Méthode de culture semi-quantitative
Proposée par Maki en 1977, la culture semi-quantitative consiste à rouler la surface externe du cathéter sur un milieu de culture solide, puis à compter les colonies après 24 à 48 heures de culture. Un seuil de positivité à 15 unités formant colonies (UFC) a été choisi de façon arbitraire et corrélé à l’existence d’une infection locale. Bien que simple, la technique semiquantitative présente des limites importantes : en premier lieu, elle ne présente pas la corrélation du seuil avec les signes systémiques d’infection, ensuite elle n’a été qu’incomplètement validée sur les CVC en réanimation, et surtout elle n’explore que la face externe du cathéter, laissant ainsi de côté les infections endoluminales. En outre, si la sensibilité est proche de 100 %, la spécificité est faible, comprise entre 20 et 50 % [1,2,3]. D’autres auteurs ont tenté de valider la technique en faisant varier le seuil de positivité et en corrélant les résultats avec la survenue de bactériémies : pour un seuil de 5 UFC, la valeur prédictive positive de la méthode n’était que de 9 %, ne passant qu’à 10 % pour un seuil porté à 100 UFC, ce qui est insuffisant pour une méthode dite de « référence ». Bien que simple, la culture semi-quantitative de la face externe du cathéter, avec le seuil utilisé, n’est pas pleinement satisfaisante pour établir le diagnostic d’ILC de façon incontestable.

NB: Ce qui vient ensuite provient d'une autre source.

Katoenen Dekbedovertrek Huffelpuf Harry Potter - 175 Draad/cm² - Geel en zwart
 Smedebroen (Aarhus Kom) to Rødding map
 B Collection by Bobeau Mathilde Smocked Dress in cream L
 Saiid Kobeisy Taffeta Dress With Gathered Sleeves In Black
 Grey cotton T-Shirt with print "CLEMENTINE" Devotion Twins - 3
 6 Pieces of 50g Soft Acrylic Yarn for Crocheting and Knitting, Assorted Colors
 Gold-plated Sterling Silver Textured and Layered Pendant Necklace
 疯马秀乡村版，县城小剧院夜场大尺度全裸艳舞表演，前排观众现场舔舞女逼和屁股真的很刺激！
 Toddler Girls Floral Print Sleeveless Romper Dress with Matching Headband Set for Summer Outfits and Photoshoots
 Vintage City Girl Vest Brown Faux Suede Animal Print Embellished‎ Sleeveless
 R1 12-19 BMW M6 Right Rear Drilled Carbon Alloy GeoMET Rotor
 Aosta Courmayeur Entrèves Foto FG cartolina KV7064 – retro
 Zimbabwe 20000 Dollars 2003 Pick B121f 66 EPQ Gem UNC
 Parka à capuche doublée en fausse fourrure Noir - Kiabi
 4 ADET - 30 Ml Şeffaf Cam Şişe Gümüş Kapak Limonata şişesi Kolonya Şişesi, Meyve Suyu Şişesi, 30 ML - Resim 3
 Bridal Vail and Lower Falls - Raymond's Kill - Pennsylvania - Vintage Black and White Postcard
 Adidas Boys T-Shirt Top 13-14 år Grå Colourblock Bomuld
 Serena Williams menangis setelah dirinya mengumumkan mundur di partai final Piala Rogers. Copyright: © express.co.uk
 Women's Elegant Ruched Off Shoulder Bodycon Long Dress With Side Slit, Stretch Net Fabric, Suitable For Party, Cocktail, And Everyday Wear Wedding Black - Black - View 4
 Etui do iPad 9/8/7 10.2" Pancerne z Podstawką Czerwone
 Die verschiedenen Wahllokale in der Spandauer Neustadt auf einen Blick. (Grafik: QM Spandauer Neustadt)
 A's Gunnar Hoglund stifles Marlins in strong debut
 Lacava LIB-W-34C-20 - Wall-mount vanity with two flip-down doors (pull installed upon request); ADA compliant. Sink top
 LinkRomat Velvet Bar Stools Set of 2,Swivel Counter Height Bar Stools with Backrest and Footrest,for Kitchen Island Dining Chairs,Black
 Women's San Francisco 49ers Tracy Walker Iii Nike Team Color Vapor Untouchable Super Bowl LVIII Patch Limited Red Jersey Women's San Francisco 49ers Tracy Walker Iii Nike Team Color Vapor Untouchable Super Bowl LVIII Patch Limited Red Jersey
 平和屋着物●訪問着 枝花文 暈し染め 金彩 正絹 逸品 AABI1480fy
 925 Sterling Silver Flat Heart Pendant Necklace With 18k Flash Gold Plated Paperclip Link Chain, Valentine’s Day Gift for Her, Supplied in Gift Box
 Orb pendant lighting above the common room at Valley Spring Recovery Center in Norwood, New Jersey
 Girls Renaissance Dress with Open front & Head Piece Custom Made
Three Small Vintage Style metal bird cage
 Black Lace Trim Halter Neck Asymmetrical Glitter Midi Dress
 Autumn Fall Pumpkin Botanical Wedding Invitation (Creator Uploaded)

Méthode de culture quantitative
Afin de pallier les imperfections de la technique de Maki, Cleri a décrit en 1980 une technique de culture quantitative par dilutions successives en milieu liquide, utilisant un seuil de positivité de 10³ UFC. Miroir de la technique de Maki, cette méthode n’étudie que la face interne du cathéter, qui est rincée par 1ml de sérum physiologique. Cette limite et la complexité de la technique ont conduit Brun-Buisson à proposer une technique simplifiée en 1987 : Les 5-6 derniers centimètres du cathéter sont trempés dans 1 ml de sérum physiologique, l’ensemble est agité au vortex pendant 1minute, 0,1 ml de la solution obtenue étant ensuite ensemencé en milieu solide pour culture quantitative (seuil à 10³ UFC). Les avantages sont multiples : la technique est validée chez les malades de réanimation, le vortexage permet de tenir compte des bactéries adhérant à la fois aux surfaces externes et internes du cathéter, enfin sa sensibilité de 97% est comparable à celle obtenue par Maki, et sa spécificité de 88% est bien supérieure (tableau n° XV), en particulier du fait de la corrélation établie avec les critères cliniques [1]. C’est la méthode qui a le meilleur rapport qualité (sensibilité et spécificité) /prix (rapidité et coût) qui est recommandée en France [2]. Sa simplicité la rend largement accessible en routine. Dans notre étude, la méthode de culture de Brun Buisson s’est révélée d’un grand intérêt diagnostique et d’une sensibilité et une spécificité excellentes. Toutefois et afin d’éviter les retraits inutiles de cathéters, d’autres méthodes de diagnostic bactériologique doivent être développées dans le service.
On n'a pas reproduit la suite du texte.